When you go to places far away, and talk to people as best you can, usually because they speak your language because it is associated with commerce (and you blame the Jews for money-culture, when all money speaks English these days), you will see through what lens the world views your homeland. Generally, responses to Americans are hesitant; people are somehow aware that the wrong comment might bring bombers and an army of yahoos hellbent on killing for democracy to their doors. They loosen up a bit when you say "Texas," and then you see it -- just for a moment, a fragment of a glimpse -- that far-off look in their eyes, like remembering a dream.

They're dreaming of Westerns, and old-time tales. They're dreaming of homesteads in lands unexplored, lands without law, and loves so eternal that two people might face the wilderness together. They're dreaming of how Texas used to be, and an image it retains, not through reality but through the power of our wishes. We want Texas, and Australia and other romanticized places, to be this way forever. We want that frontier, that lack of law and safety regulations on every single thing you pick up, that sense of indefinition. We want the adventure. Outside the shell, it might be there -- but we're too scientific, too practical and too used to Microsoft Excel spreadsheets to take that tradeoff, so it remains a far-off dreamy look, and then is replaced by that normal "snapped back to attention" gaze we use in conversation and staff meetings.

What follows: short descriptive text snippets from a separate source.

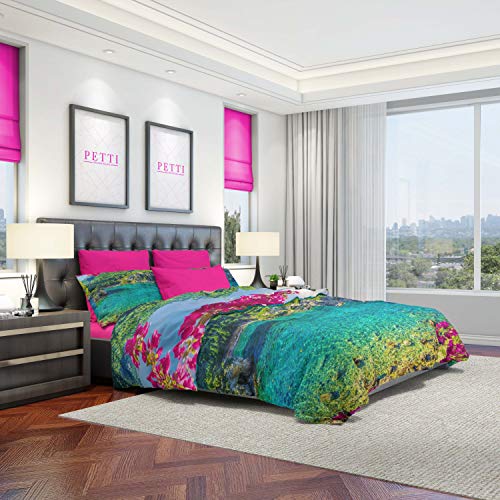 PETTI Artigiani Italiani Duvet Cover, Bedding Set, Satin, 100% Made in Italy, Paradise, Single (150x200 cm) - Image 3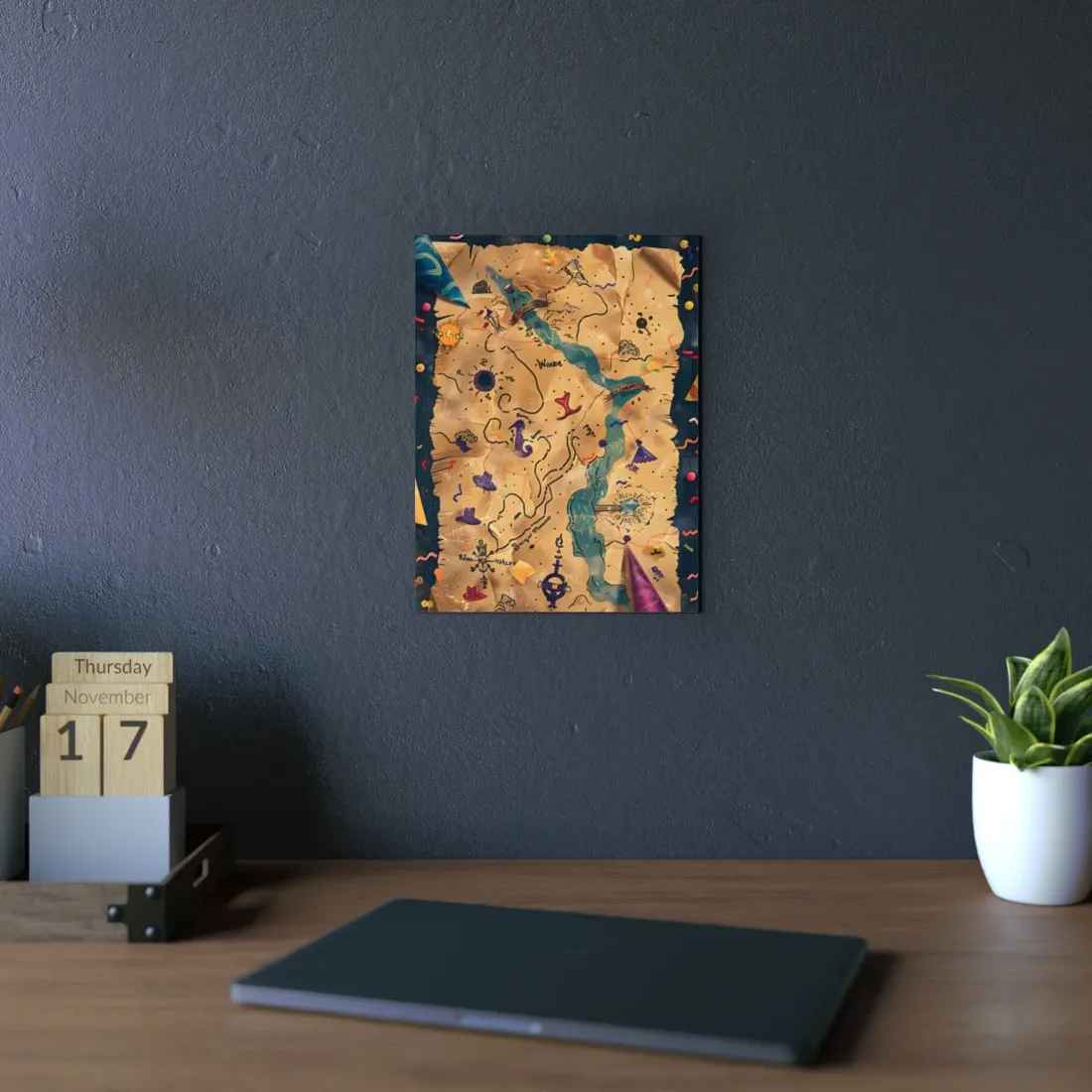 Vintage River Map Illustration: Adventure Parchment Design - Metal Poster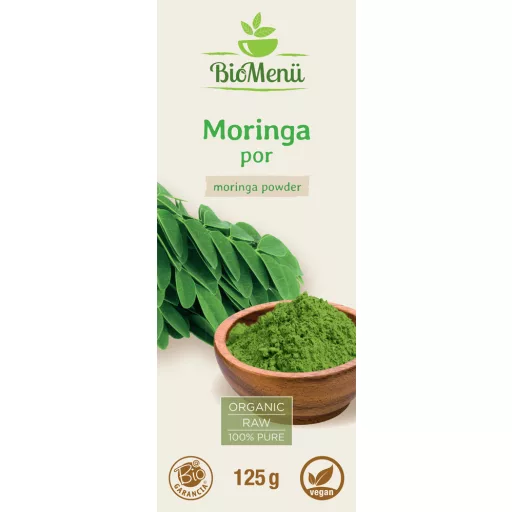BioMenü bio Moringa prášok 125 g štítok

We all want to live in Texas -- that old Texas. At least, some part of us does. It's so romantic, human against wilderness, or maybe in concert with it by struggling against it, since everything struggles a little bit in nature against nature to survive. Even the lowly fungus would cease to exist if it didn't thrust back against the forces that from gravity to the trampling feet of mice (herds, when you're .5mm tall) tried to beat it back. And so it is with our vision of Texas: that homestead on the prairie where a wild-haired woman takes the hand of her powder-burned man at the end of the day, and they look out over their meagre homestead, full of dreams of its growth and their own. They know this lawless land will possess them, even kill them, but there's this sense of a power in doing what they do, in thrusting themselves forward against the resistance and making something of it, even not minding its imperfect -- like a sense of meaning in the lexicon where a struggle returns a feeling of accomplishment.

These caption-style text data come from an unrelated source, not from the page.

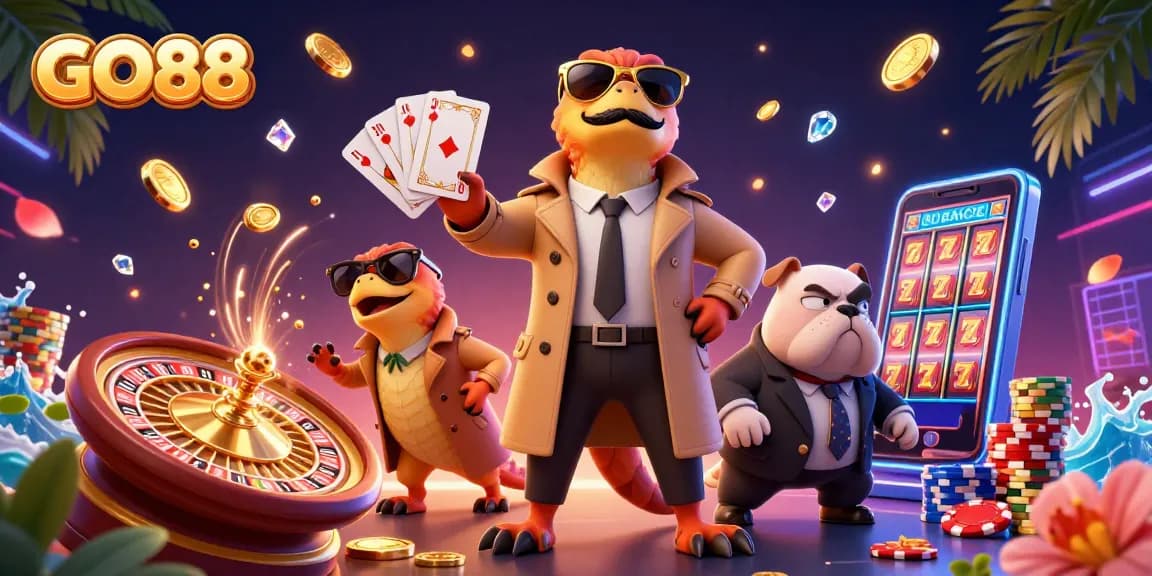 GO88 raptors disguised entering a VIP casino lounge amidst golden coins and vibrant playing elements.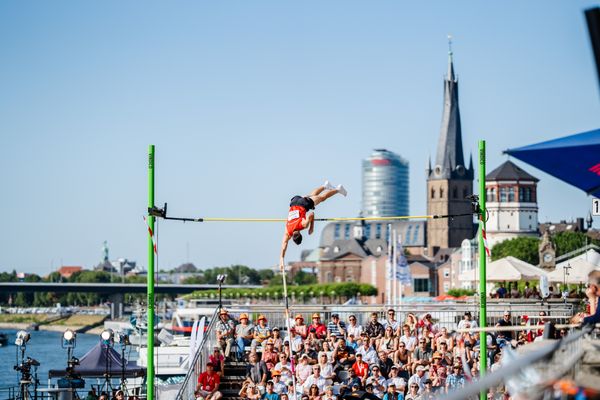 Gillian Ladwig (Schweriner SC) beim Stabhochsprung der Deutschen Leichtathletik-Meisterschaften im Rahmen der Finals 2023 Rhein-Ruhr am 07.07.2023 am Rheinufer in Duesseldorf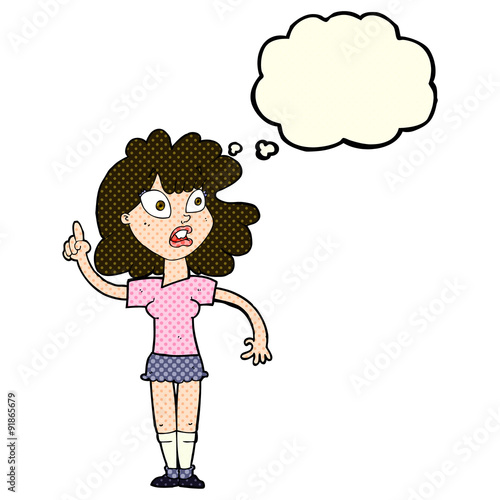 cartoon woman making point with thought bubble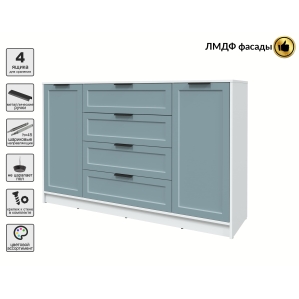 Тумба Тренд КТ-Т160 (Белый ЛДСП/ Океан ЛМДФ) Ш1600 В1020 Г451 Тумба Тренд КТ-Т160 (Белый ЛДСП/ Океан ЛМДФ) Ш1600 В1020 Г451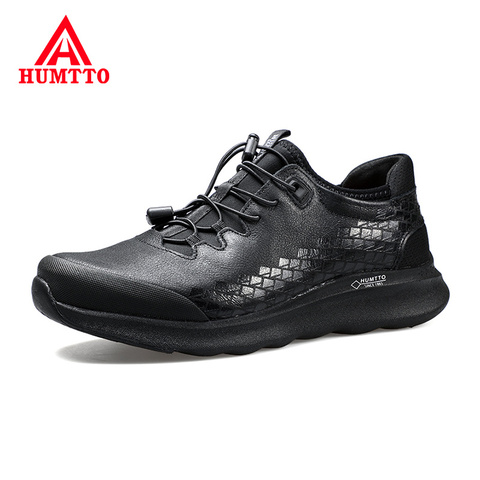 Zapatos de senderismo de cuero genuino para hombre, zapatillas deportivas de banda elástica para exteriores, ligeras y antideslizantes, de alta calidad ► Foto 1/6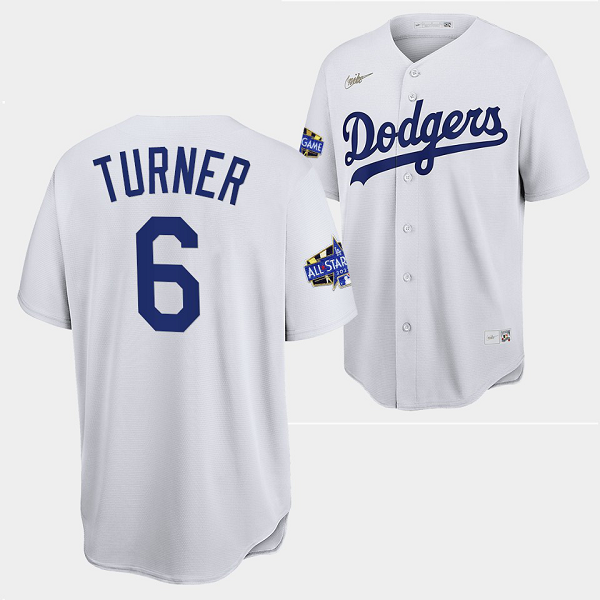 Men's Los Angeles Dodgers #6 Trea Turner White 2022 All-Star MLB Jersey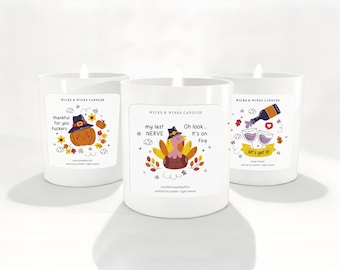 Printable Funny Thanksgiving Candle Label Templates for Candle Business, Square 3x3" Sticker Avery 94101, Instant Download Digital File DIY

That's the Texas we want, and that we keep in our hearts, even those of us who live here. It's what is missing from modern society, where we have idealized symbolic apples instead of the real partially-rotted malformed and often blurrily colored thing. It's not nature we want, it's not danger, it's not even the space and "freedom" of that open range. It's the challenge. It's the fear, and the beating it back day after day. It's the conquering of doubt, the whole world against us as we and the beloved head off to the homestead. It's the shaking of our fist in those sagely nodded heads and murmured voices under conservative beards that say, "You won't make it that far from civilization -- one season, at the outside."

We don't want to fight cougars, but we would. We're not doing it to shoot back at raiding war parties. We're not enamored of outhouses, or sweating through a fever without penicillin. No doubt it's easier the way we do things now. And more comfortable. Less risk. But what's missing, in our lives and in all of modern society, is that we only see the end-product, the tangible and material and human(ist), but we've left out the experience of life. That experience includes taking something on and making it work, or dying in the process, knowing we're not cowards in our turtle-shells. That's what Texas is, as a symbol of our hearts quite different from an idealized plastic apple, and Texas is the antidote to every one of the fears we're too practical to voice.